Former Brexit Secretary Dominic Raab admits that he never read the Good Friday Agreement

Ladies and gents, he was responsible for negotiating with the EU.

Earlier this week, former Brexit Secretary Dominic Raab was giving evidence to the Northern Ireland Affairs Committee and during a line of questioning, he revealed that he has never read the Good Friday Agreement (Belfast Agreement).

The MP for Esher and Walton said that: "Um, I haven’t sat down and started at the beginning and gone through it. But of course at various points of the negotiations when issues have been raised, it has been an important opportunity to delve into the different aspects very carefully".

Raab adds: "It’s not like a novel, you sit down and say ‘do you know what, over the holidays, this is a cracking read'".

Given the fact that the Good Friday Agreement is an internationally binding treaty that ensured peace in Northern Ireland after three decades of brutality and violence, you would like to think that it registers on the radar of those elected MPs who claim that they're acting in the best interests of Northern Ireland and the United Kingdom.

Hell, the Good Friday Agreement isn't even 40 pages long.

However, for context, Frankie Boyle previously offered a very interesting insight into Raab's competence as a politician.

"The man of the year was Dominic Raab. A man who resigned because he couldn't agree to a deal that he himself had negotiated. Dominic Raab could be outmanoeuvred by a statue of Stephen Hawking. To be fair to him, he didn't want to be Brexit secretary but he didn't have the negotiating skills to turn it down" joked Boyle.

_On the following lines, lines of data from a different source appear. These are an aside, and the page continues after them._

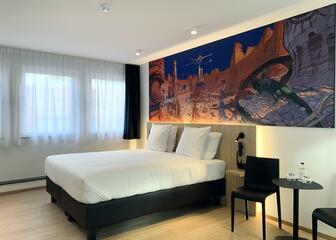 Chambre avec lit double, tête de lit en bois et une peinture de Moebius 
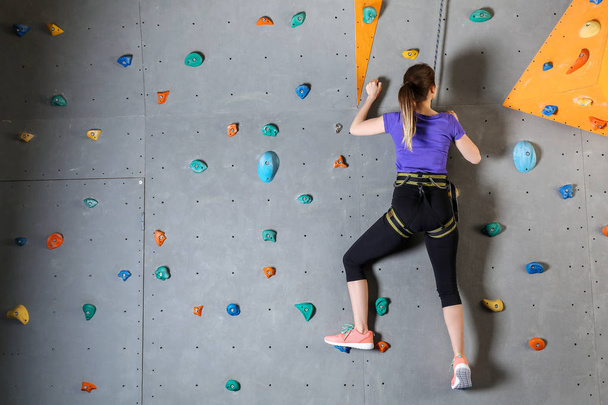 Mujer joven escalando pared en el gimnasio
 - Foto, imagen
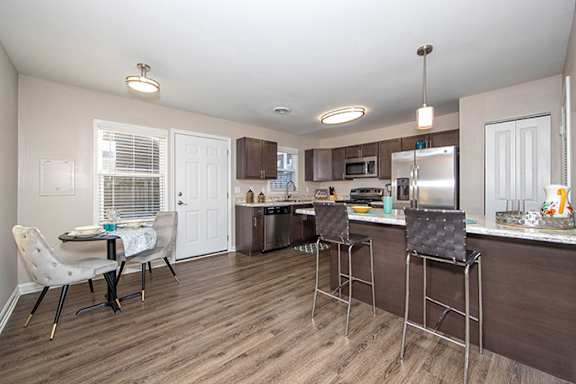 A kitchen with a table and chairs in the foreground and a refrigerator, microwave, and oven in the background.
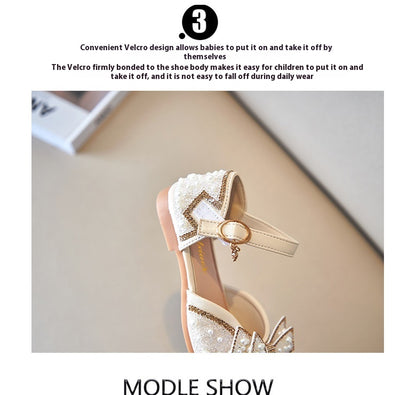 Beige girls' shallow mouth pumps with a large pink pearl bow, glitter, and an ankle strap with a gold buckle. - Image 10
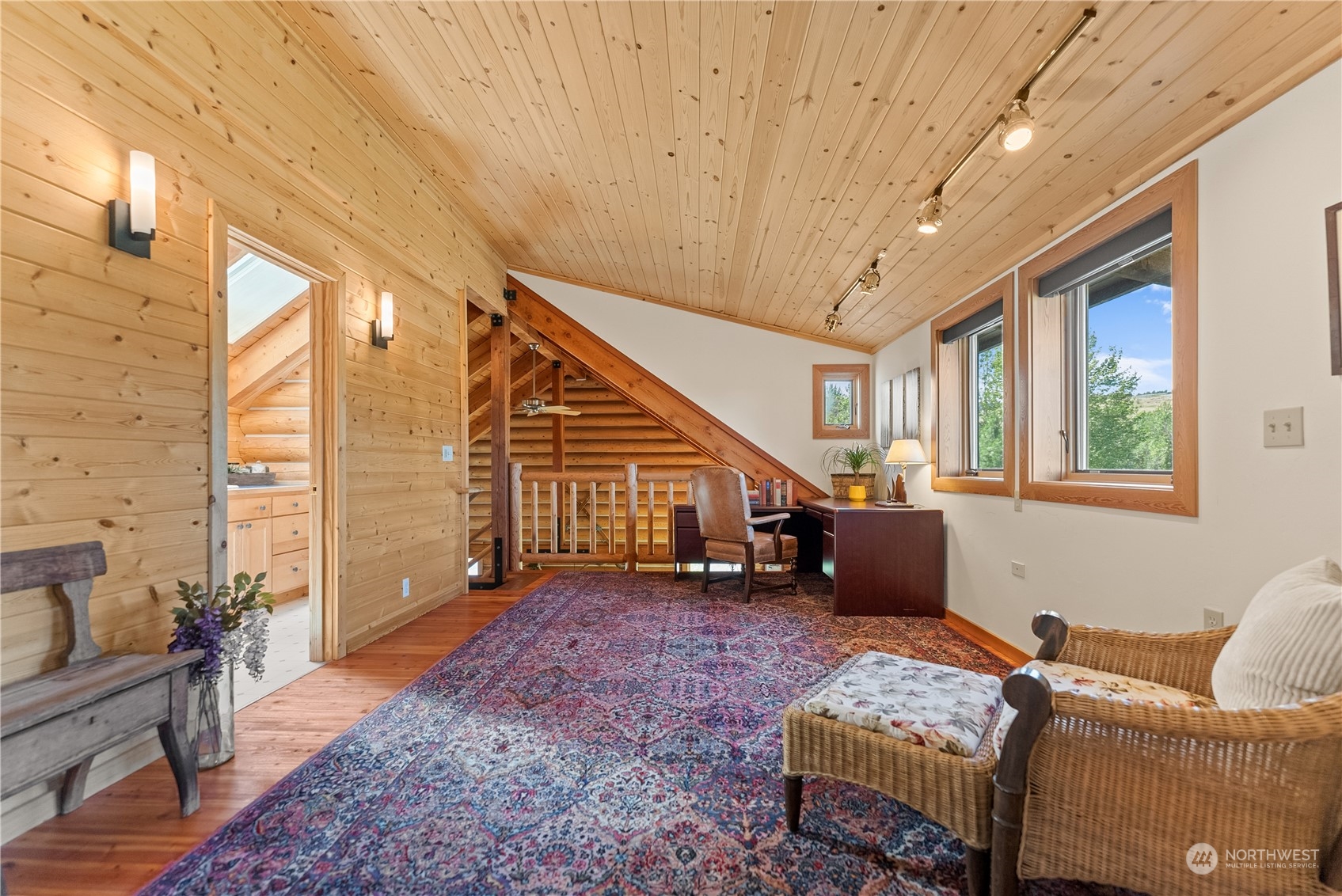 16 Lewisia Road Winthrop, WA 98862 - Photo 30 of 40 a living room with furniture and a window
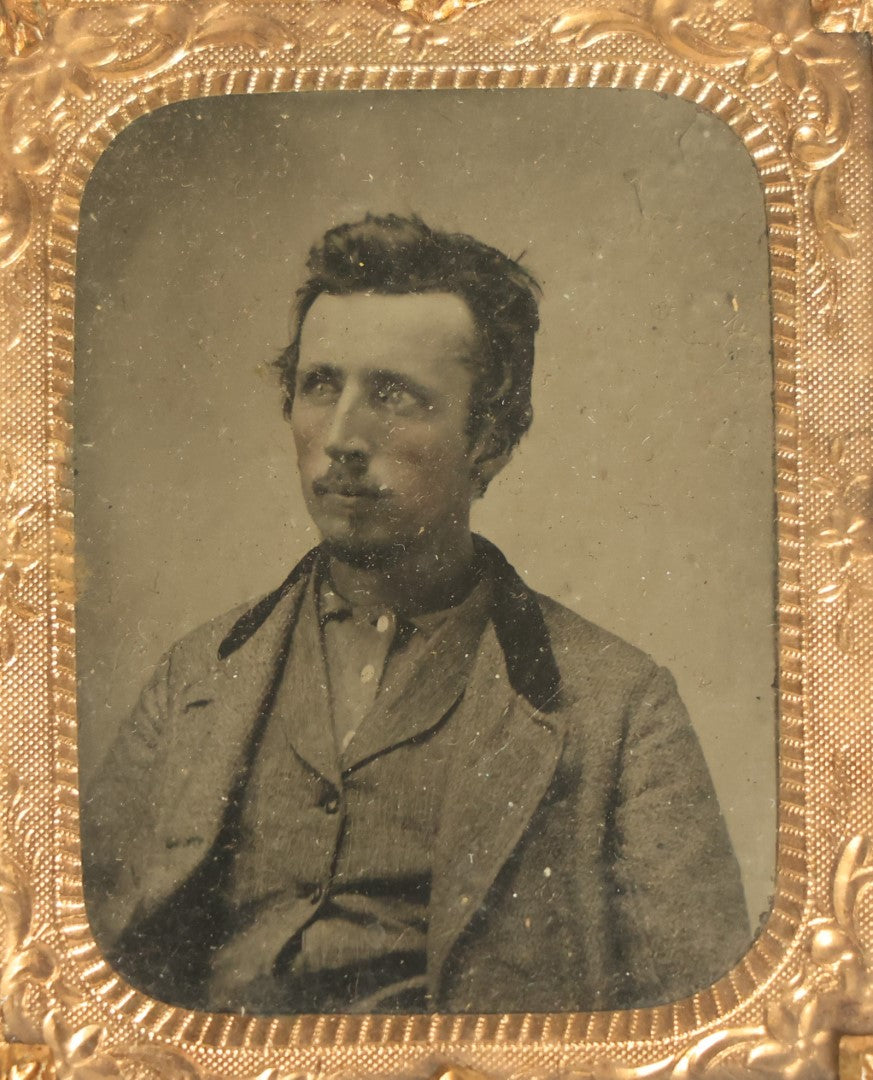 Lot 042 - Antique 1/9th Plate Tintype In Brass Mat Of A Young Man With Slight Facial Hair, Wearing Shirt And Jacket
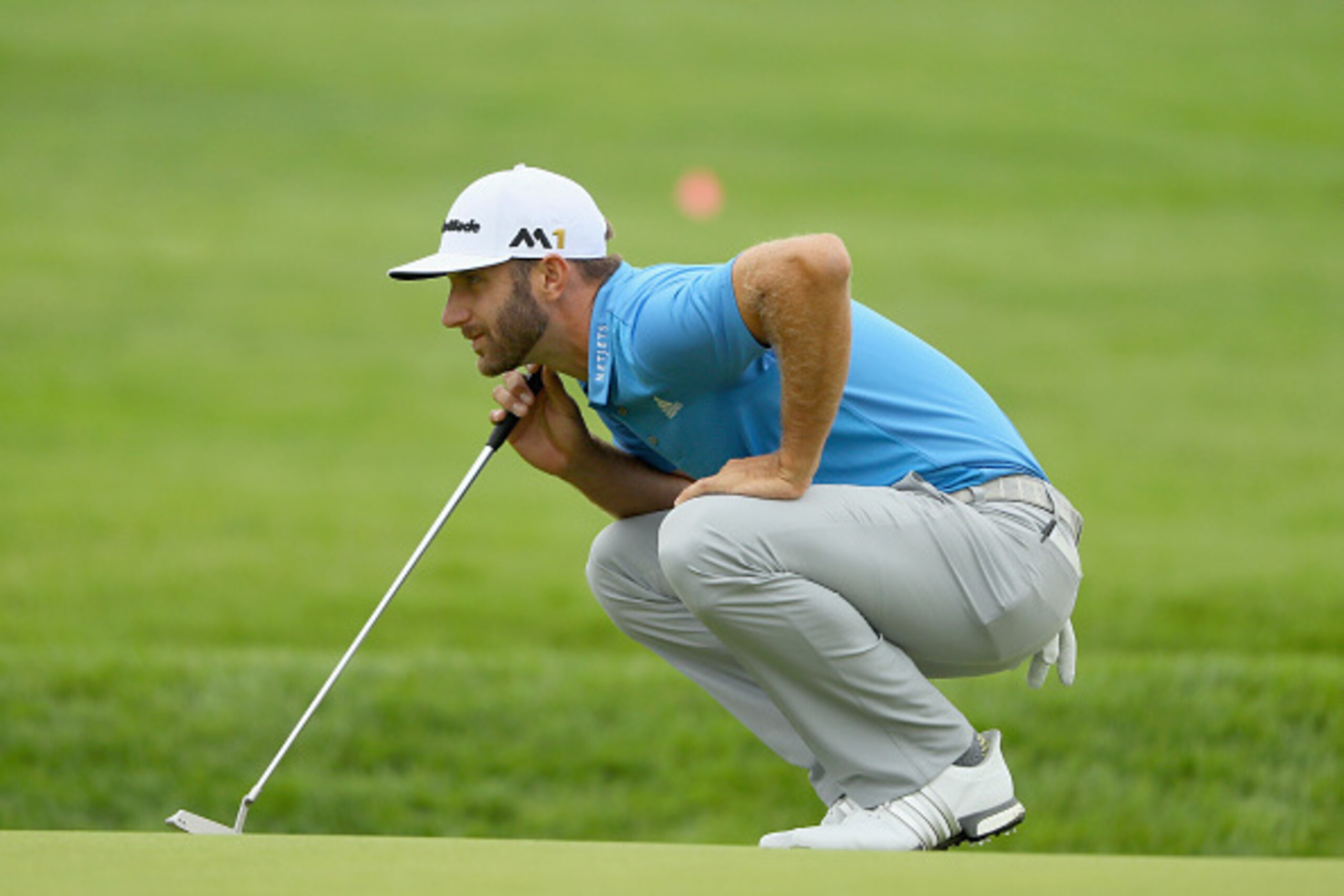 OAKMONT, PA - JUNE 17:  Dustin Johnson of the United States looks over a putt on the first green during the continuation of the weather delayed first round of the U.S. Open at Oakmont Country Club on June 17, 2016 in Oakmont, Pennsylvania.  (Photo by Andr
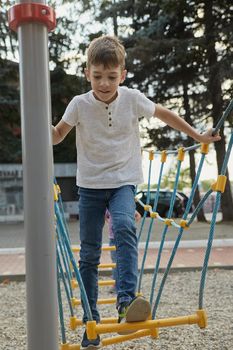boy having fun outdoors. little skinny caucasian kid playing at playground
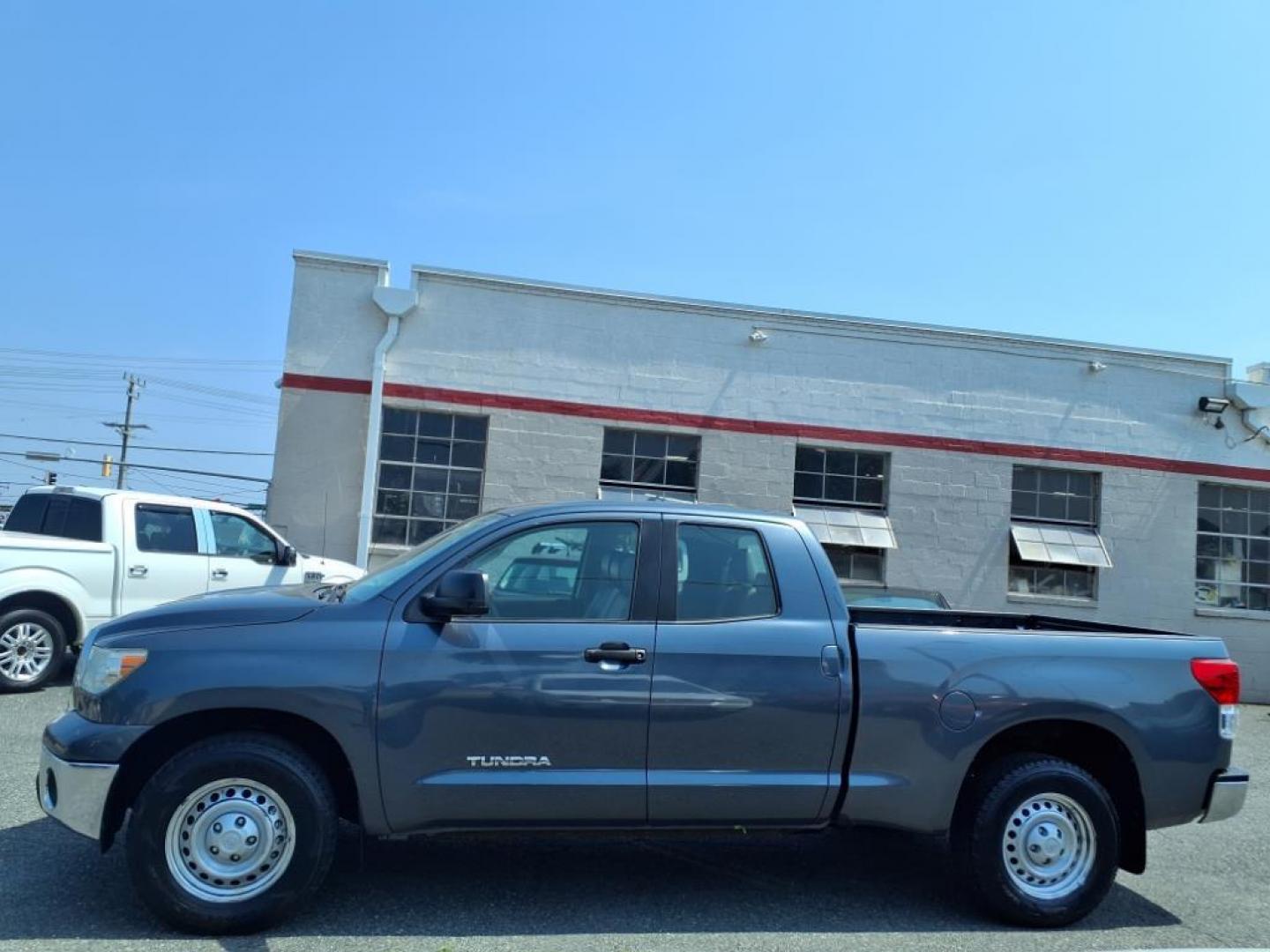2010 Blue Toyota Tundra (5TFRU5F18AX) with an 4.0L 6 Cylinder Sequential Fuel Injection engine, Automatic transmission, located at 50 Eastern Blvd., Essex, MD, 21221, (410) 686-3444, 39.304367, -76.484947 - Photo#1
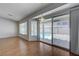 Bright living room features hardwood floors, large windows, and sliding glass door overlooking the pool at 472 Staghorn Pass Ave, Las Vegas, NV 89183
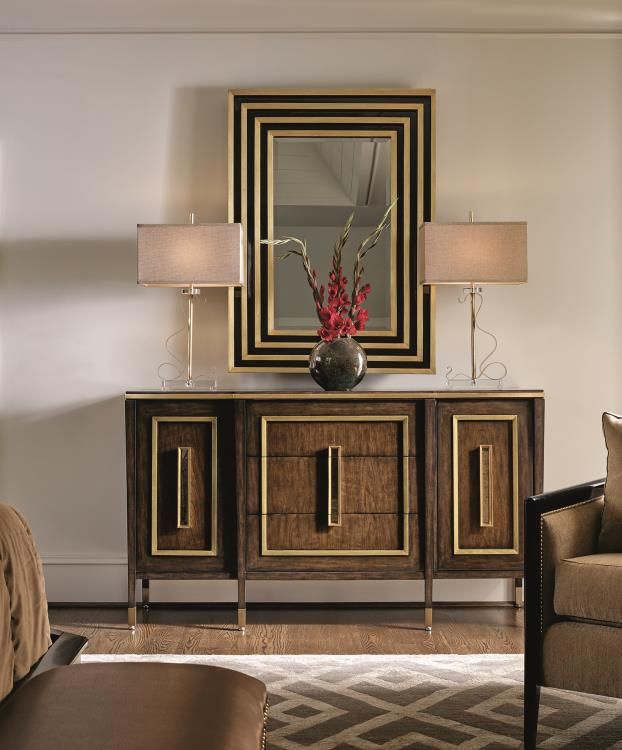 a living room scene with focus on the sideboard and lamp's in the background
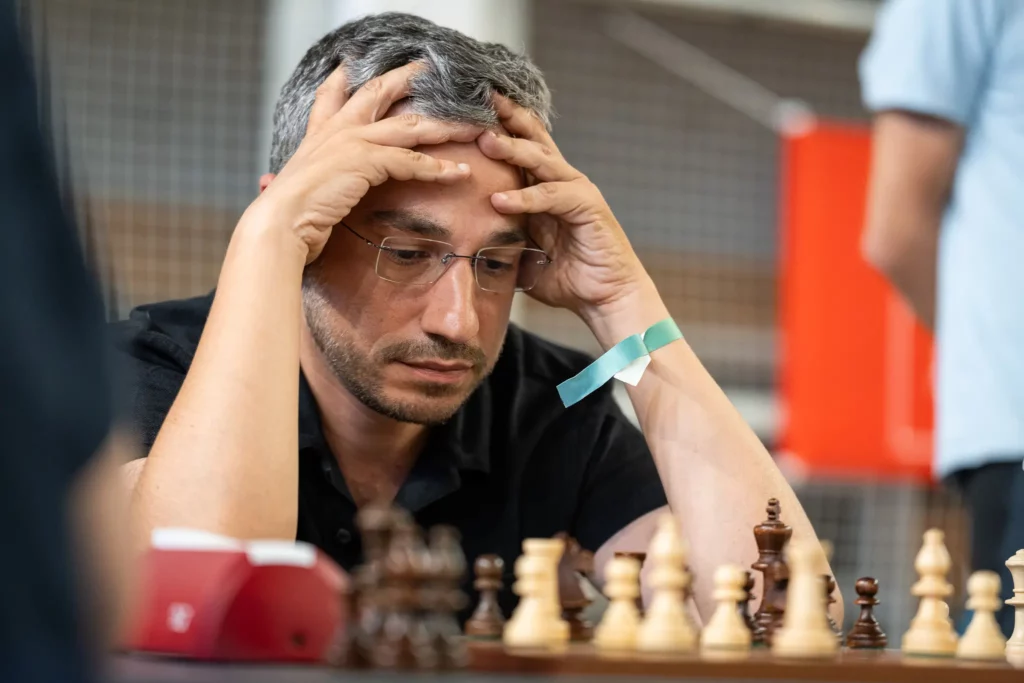 Un joueur tient sa tête entre ses mains pendant une partie d’échecs à Montauban
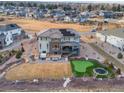 Aerial view of the backyard with a putting green, trampoline, patio, and hot tub, surrounded by landscaped grounds at 26 Damsire Dr, Littleton, CO 80123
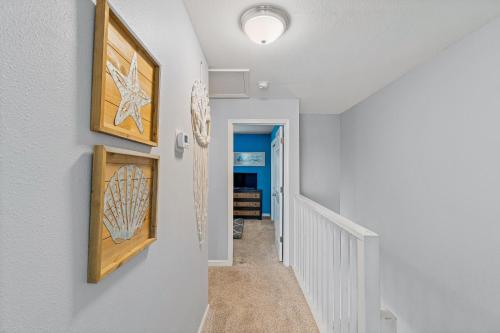 a hallway with two pictures on the wall at Regency Cabanas #D4 in Pensacola Beach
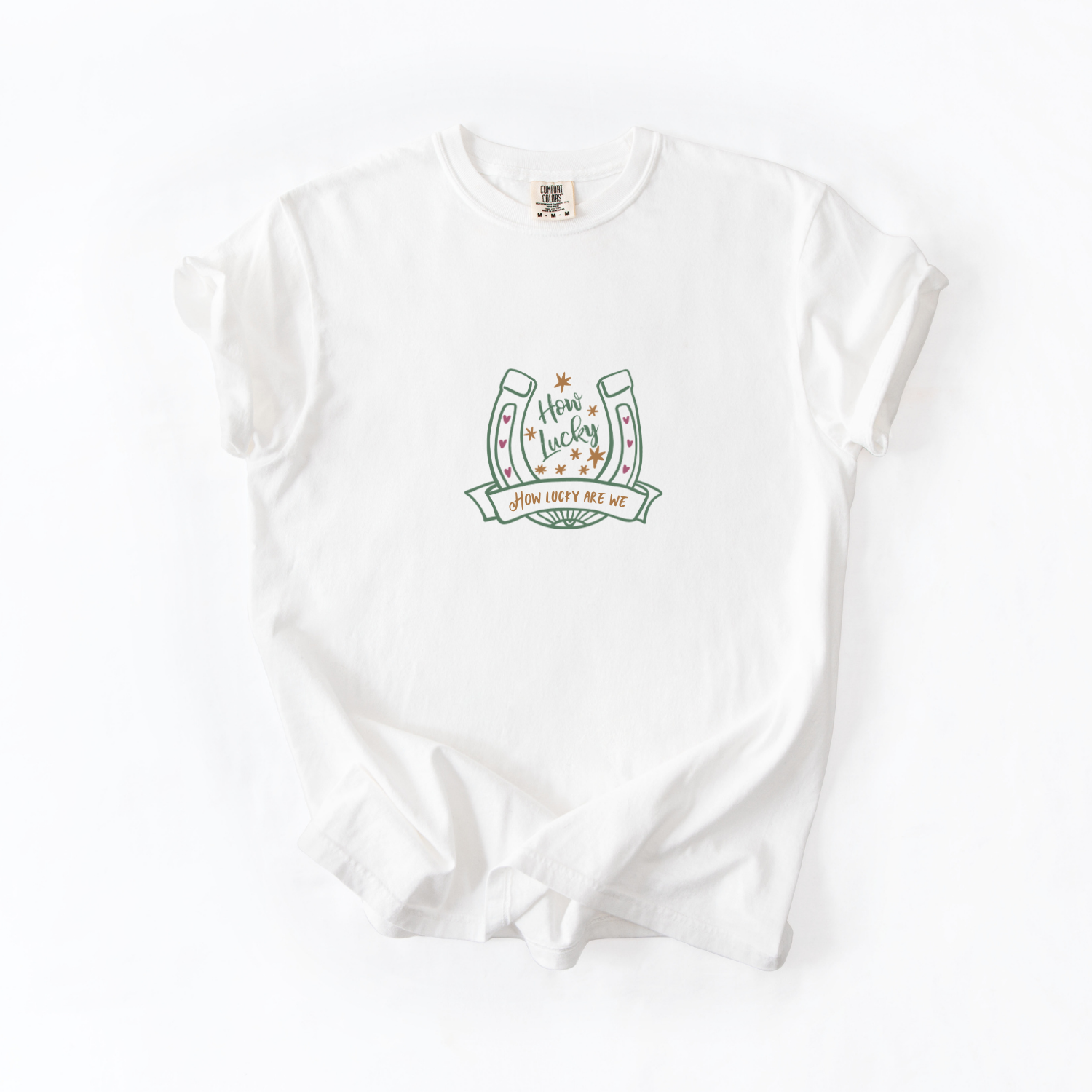 White shirt with a graphic design of a cute horse shoe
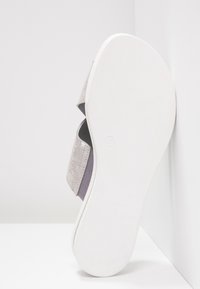 Chaussure grise à enfiler avec un dessus texturé et une semelle en caoutchouc blanc. Dispose d'un design superposé avec une bande élastique proéminente pour un maintien sécurisé.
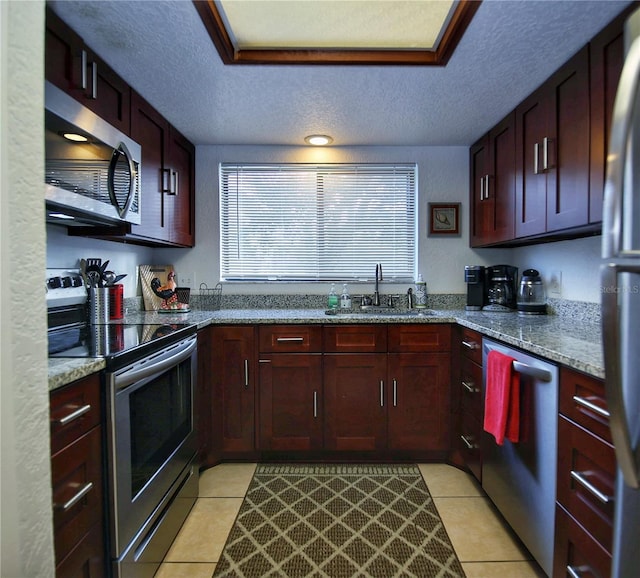 kitchen with light stone countertops, a textured ceiling, sink, and stainless steel appliances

If you think that description is cruel, it's worth having a read of Raab's comments regarding the Dover-Calais crossing.

Raab isn't the only MP that's currently in Theresa May's administration to state that they've never read the Agreement though.

Caroline Nokes, a Conservative Party politician and the current Minister for Immigration, also made that admission.

When asked if she had read the Agreement, Nokes said "No, no I haven't but I think 20 years ago I was probably giving birth."

Of course, the benefits of the Good Friday agreement continue to be seen every day in Ireland as it encouraged a spirit of cross-community peace and co-operation - an environment that nobody wants to see jeopardised or put at risk.

In recent months, DUP leader Arlene Foster stated that the Good Friday Agreement is not "sacrosanct" - it's worth noting that the DUP campaigned against it in 1998 - while only recently, the SNP's Ian Blackford said (via The Guardian) that this week's vote in the House of Commons "has effectively ripped apart the Good Friday Agreement".

Again, it's worth reiterating that Northern Ireland voted overwhelmingly against Brexit and Raab's latest statement has not pleased his detractors- especially since they're acting as the representative for Northern Ireland during discussions with the EU.

Following this revelation, Labour MP David Lammy described Raab as a "shameless chancer".